Yeah but Crimes and Misdemeanors is his one true masterpiece.
Big Woody Allen fan and he has made so many great movies but I was never that into Annie Hall. It's decent but I never thought it was this masterpiece like so many others do.
What are your favorites?
@@davidsheriff9274
Top 8 for me
Hannah and Her Sisters
Crimes and Misdemeanors
The Purple Rose of Cairo
Husbands and Wives
Blue Jasmine
Manhattan Murder Mystery
Radio Days
Manhattan
" ...and saw an Hall " . Bravo, bravo for your subtitling technology, UA-cam. 😂 But don't worry, you are the best when it comes to censorship.
Woody Allen will be appreciated again posthumously. Who knows if he really abused his step daughter.
الفيلم حلو، لكن ما فيه شيء ساحر يضرب أعماق روحك مثل فيلم Lost In Translation أو Rushmore.
فيه سينما أو نوع من الفن لشدة جماله تراه يعزز فيك الرغبة في التلاشي، أو قل الإنتحار، لا يهم كيف أعبّر عن هذه الحال، ستعرفها بالخبرة والتجربة، وبالحس الذاتي. راجع إن شئت: Fade Into You أو apocalypse وحتى Ravel Bolero.
“Pulp Fiction” is Tarantino’s “Annie Hall” and Marshall Brickman is to Woody Allen as Roger Avary is to Tarantino.
I would class Annie Hall as an entertaining, well-made movie, nothing more, nothing less.
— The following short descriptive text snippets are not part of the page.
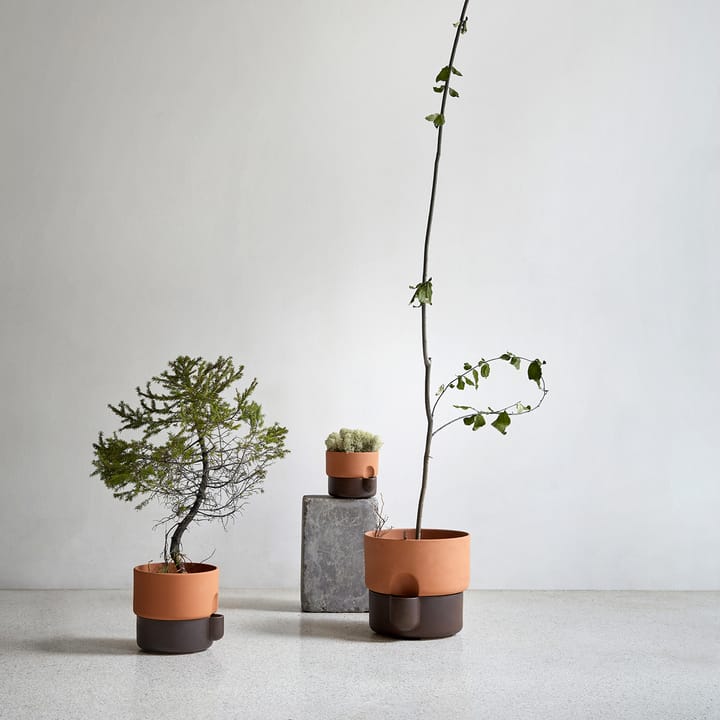 Oasis zelf-bewaterende bloempot medium Ø20,5 cm, Terracotta-Donkerbruin Northern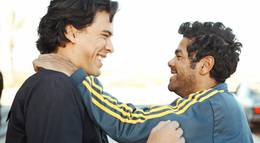 Кадр из фильма "Родился где-то" - 2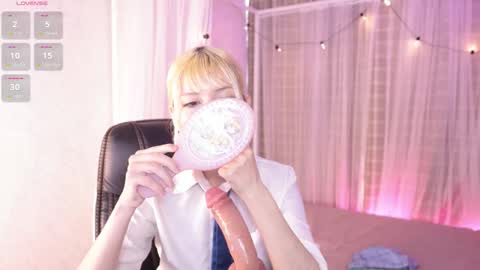 laukyubey1 online show from January 15, 9:01 pm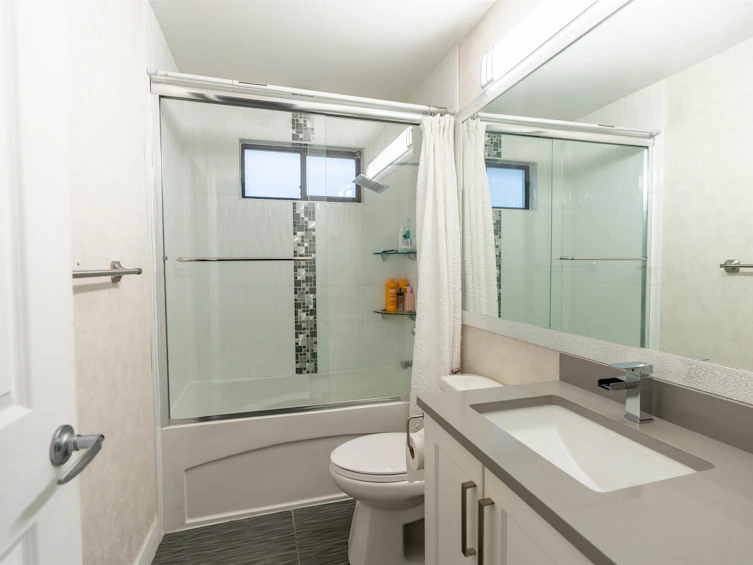 13933 90a Avenue, Surrey, BC, V3V 6Z7 - 14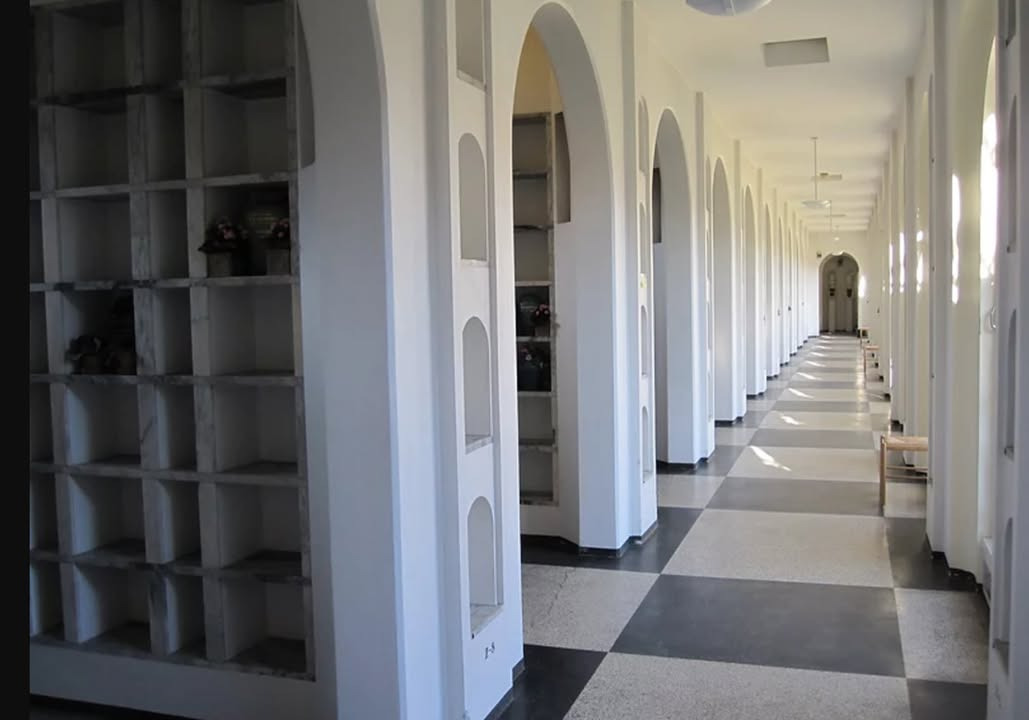 Bedemand Trenskow tilbyder vejledning i valg af gravsted på danske kirkegårde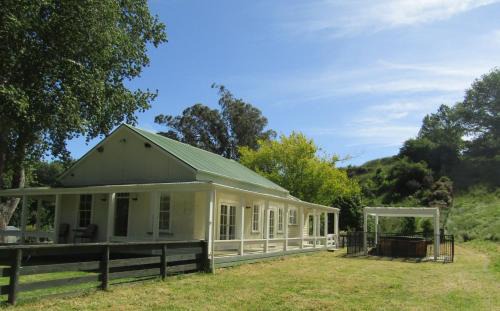 Masterton District House | Poplar Cottage - warm and private, nature haven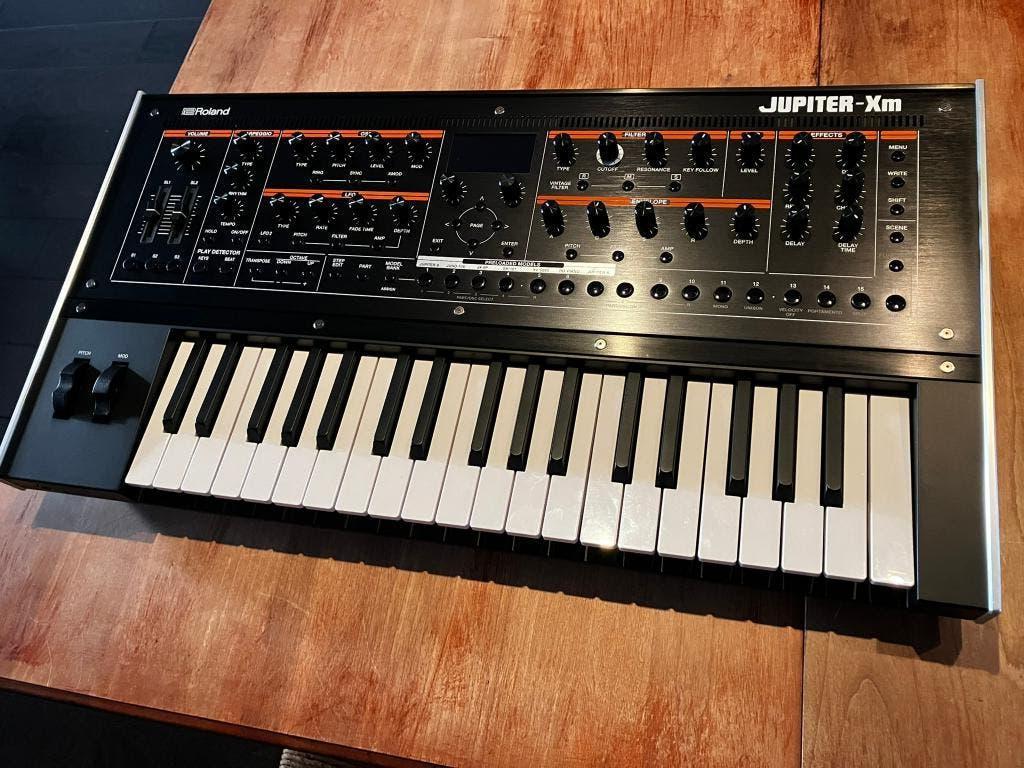 Roland Jupiter-XM, Muziek en Instrumenten, Synthesizers, Zo goed als nieuw, Roland, Ophalen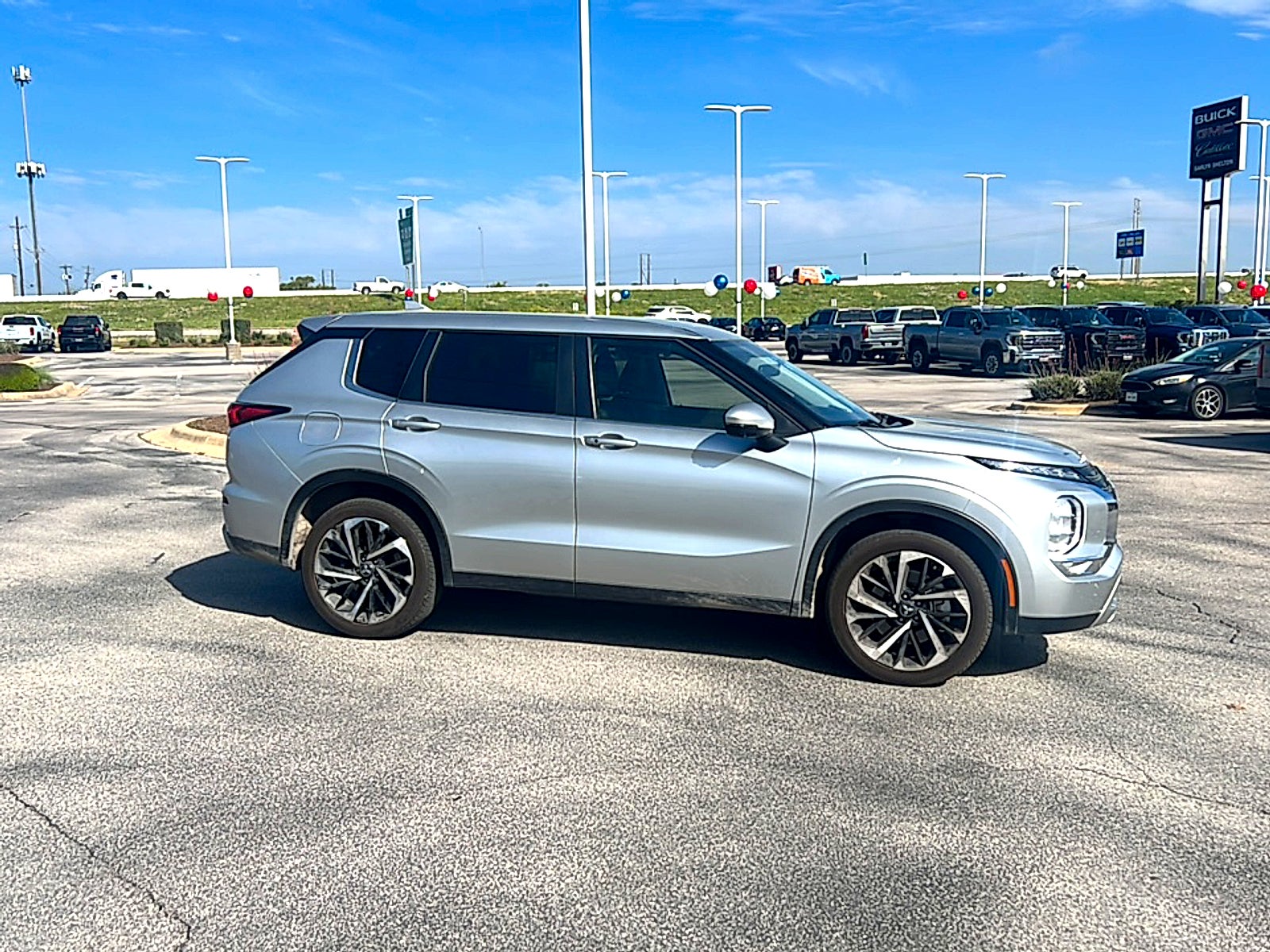 2023 Mitsubishi Outlander SE 2.5 2WD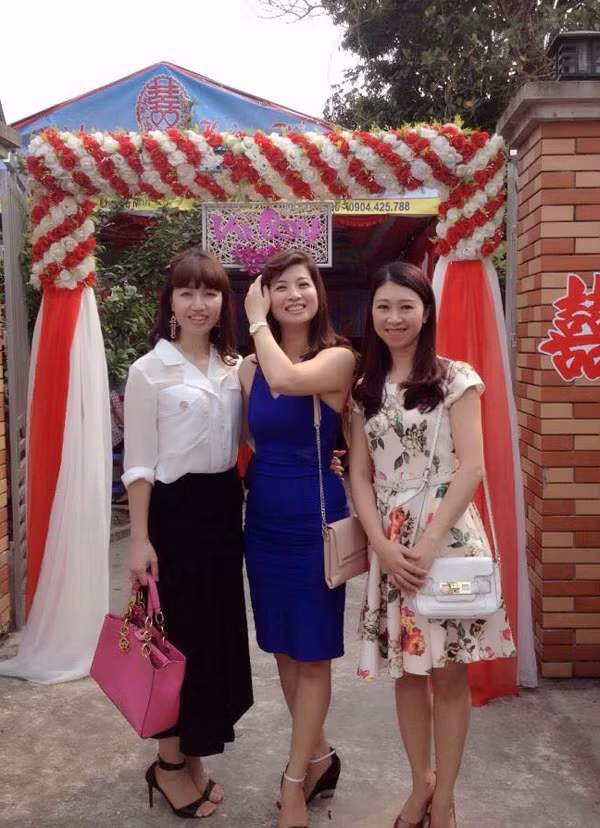 Trong mắt Thanh Huyền, cô Bích Hạnh cũng là một bà mẹ rất trẻ trung, “xì tin” và khá thoải mái. Khi 3 mẹ con đi chơi cùng nhau mẹ luôn cố gắng chiều theo những trò nhí nhố của hai con, cũng rất thích chụp ảnh và làm duyên trước ống kính.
His relationship problems didn't hold my interest.
I think I saw Fahrenheit 9/11 there
It's a shame that Woody Allen aged so horribly.
You mean his works? Or his appearance?
Soooo,QT was "having a private moment with Annie Hall"......😉
Wow! He didn't even tell his mom he was going to watch Annie Hall! What a rebel!
It certainly has it's virtues, but 47 years later I must say I find "Annie Hall" kind of overrated. It's neither funny, nor moving enough, to call Allen's masterpiece, and Diane Keaton's been better, too.
Annie hall is a good movie, should it have beaten the Star Wars for best picture? No but it's still a good movie.
I could never buy Woody Allen being a romantic leading man to any of his pairings in all of his dramatic movies. Might have worked in his screwball comedies but not in his more grounded work. Just took me right out. Just too ridiculous.
it's not that weird when you realize he and Diane Keaton were a real life couple for a year, about 10 years before the film.
Arthur Miller was married to Marilyn Monroe. Billy Joel and Christie Brinkley. Beyonce and Jay-Z. Jennifer Lopez and Marc Anthony.
Woody Allen was actually very popular with women back then. He's smart, he's funny, and he's rich. Some women wanted a macho, tough guy (like Clint Eastwood), and some wanted a sensitive, thoughtful guy (like Woody Allen). It's really not that weird, actually.
wow what a story. So he saw a movie and went home.
You just don’t get it. Oh well.
you just don't get it, man.
You're forgetting the most interesting part of the story,he rode a bike to and from the theater.